Sources you will consult in every incident:

  1. Execution record. xeroctl exec show <executionId> reports the execution status, workspace, tool, and result metadata. xeroctl exec raw <executionId> returns the raw output blob, and xeroctl exec watch <executionId> follows a live execution. There is no CLI surface for the immutable audit log; view audit_logs rows through the operator dashboard.
  2. Approval queue. xeroctl approvals list and xeroctl approvals show <id> surface stuck or rejected approvals. Destructive-call gating routes through this queue, so incidents often correlate with expired entries.
  3. Agent events. xeroctl agents <id> --events prints the lifecycle event stream for the suspected agent.
  4. Structured logs on the agent. sudo journalctl -u xerotier-xem --since "30 minutes ago" --grep <executionId> on the agent host.
  5. Distributed trace. With XEROTIER_OTEL_ENABLED=true (and an XEROTIER_OTEL_ENDPOINT configured) the trace backend holds the per-frame timing from router to agent to tool to result. Tune sample rate via XEROTIER_OTEL_SAMPLE_RATE.

Correlate by execution id.
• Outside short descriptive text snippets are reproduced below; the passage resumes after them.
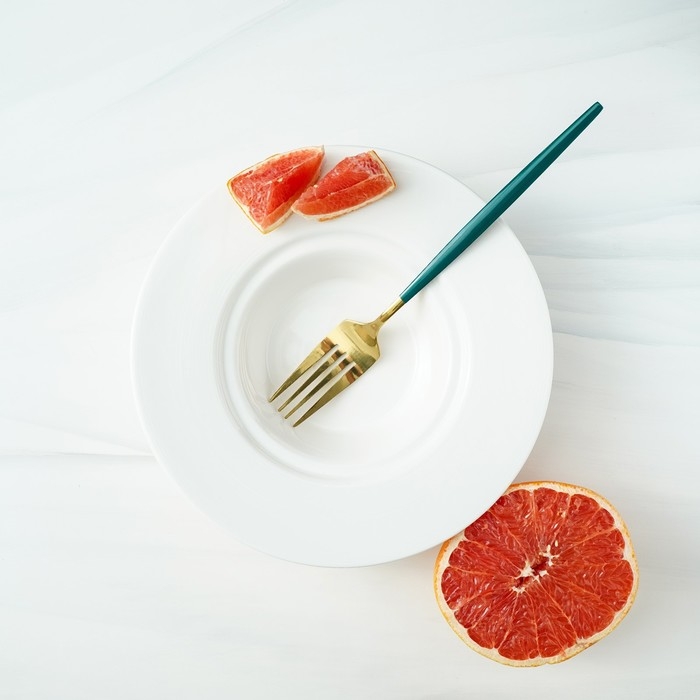 Вилка столовая из нержавеющей стали Magistro &laquo;Блинк&raquo;, 21,5&times;3 см, зелёная ручка, цвет металла золотой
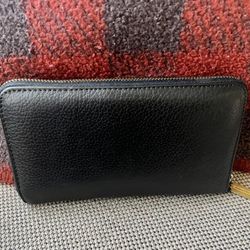 Wallet Coach Zip Around 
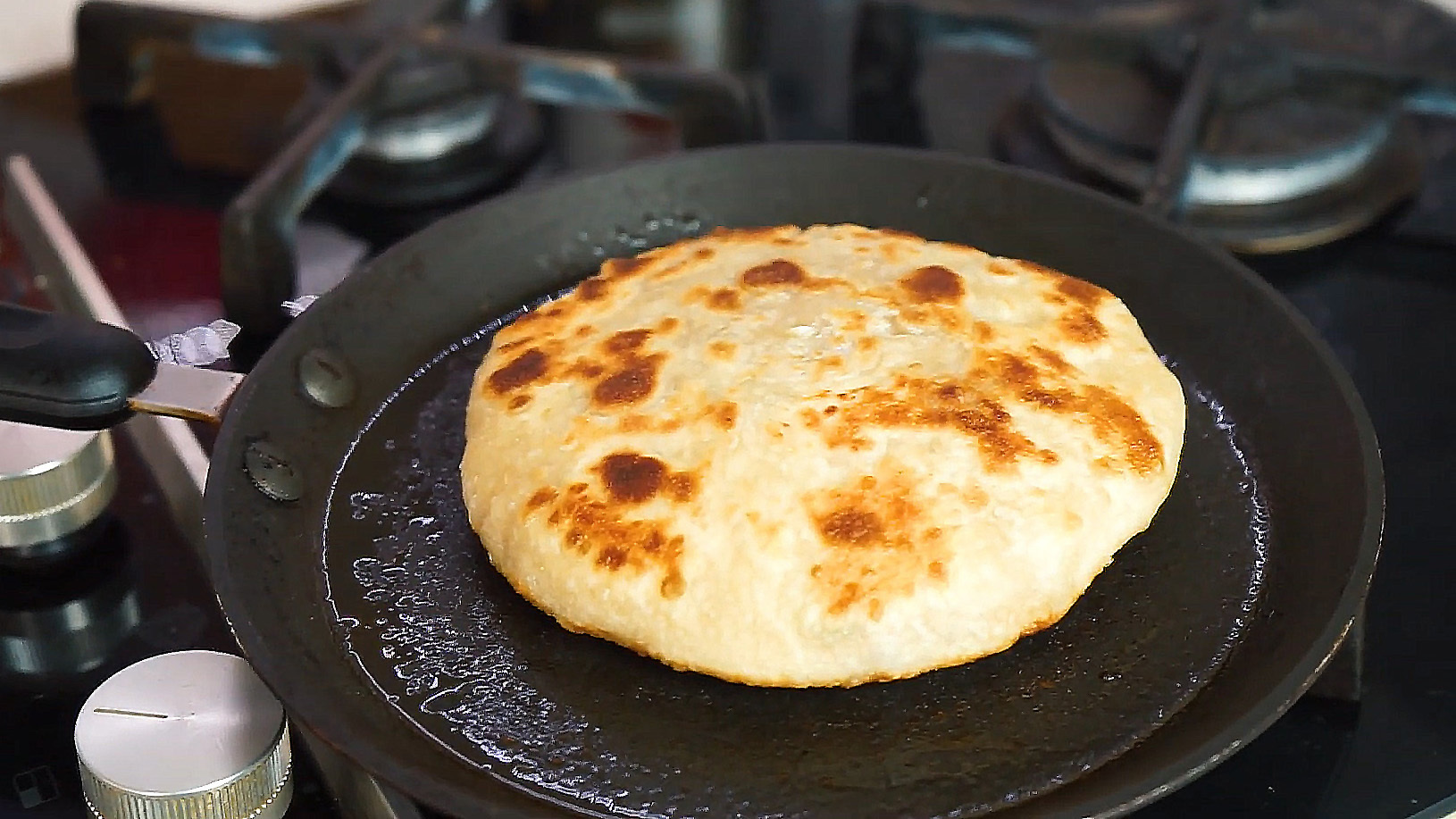 Flatbread in a frying pan. Chicken and potatoes - My, Tortillas, Ground meat, Dough, Food, Cooking, Video recipe, Ready, Culinary minced meat, Video, Longpost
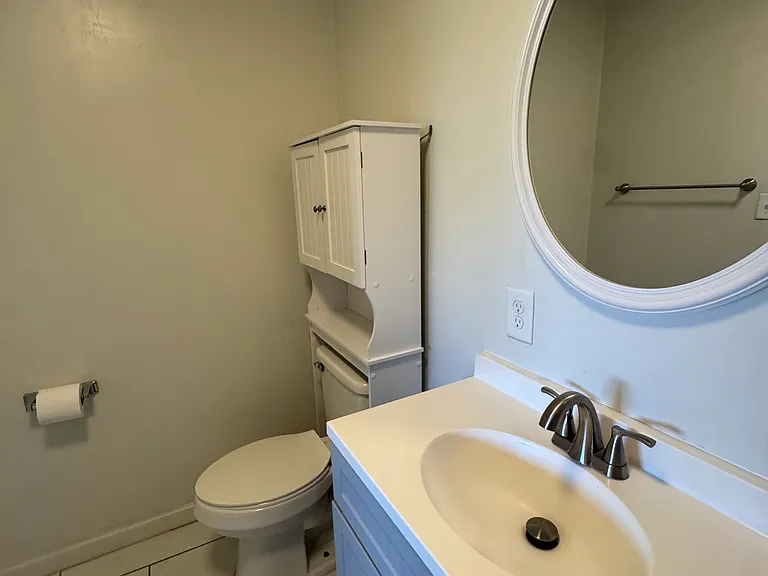 1047 Sycamore Ave #A — Photo 9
The execution record and traces share the same id; logs print it on every line.

Remediate

Typical remediation paths, from cheapest to most invasive:

  • Inspect the auto-fork-branch. If the tool call triggered auto-fork-branch, the parent chat has an unreached branch recorded immediately before the destructive call. Locate it with xeroctl chats branches list <chatId>. There is no CLI rollback verb today; consume the branch through the chat UI or document the manual recovery steps in the postmortem.
  • Corrective tool call. Run a read-only probe first, then a reverse mutation (e.g. kubectl apply of the pre-change manifest).
  • Rotate credentials. If the incident indicates credential leak, see Credential Rotation.
  • Rotate CURVE keys. If the incident indicates CURVE-key leak, run xeroctl agents curve-rotate <agentId> [--reason <text>].
  • Revoke the agent. Use xeroctl agents revoke-credentials <agentId> to invalidate the agent's credentials while keeping the record, or xeroctl agents <agentId> --delete for permanent removal.

Postmortem

After containment, a written postmortem is expected for every incident that altered production state unexpectedly. Minimum fields:

  • Incident ID and window.
  • Affected invocations (with IDs).
  • Root cause (template, tool, credential, or model misbehavior).
  • Detection path and time-to-detect.
  • Remediation actions.
  • Preventive follow-ups (chat template update, tool risk reclassification, approval policy tightening).

Attach an execution archive to the postmortem. Generate one with xeroctl exports create --type executions --since <ts> --until <ts>, then poll with xeroctl exports status and pull the bundle via xeroctl exports download.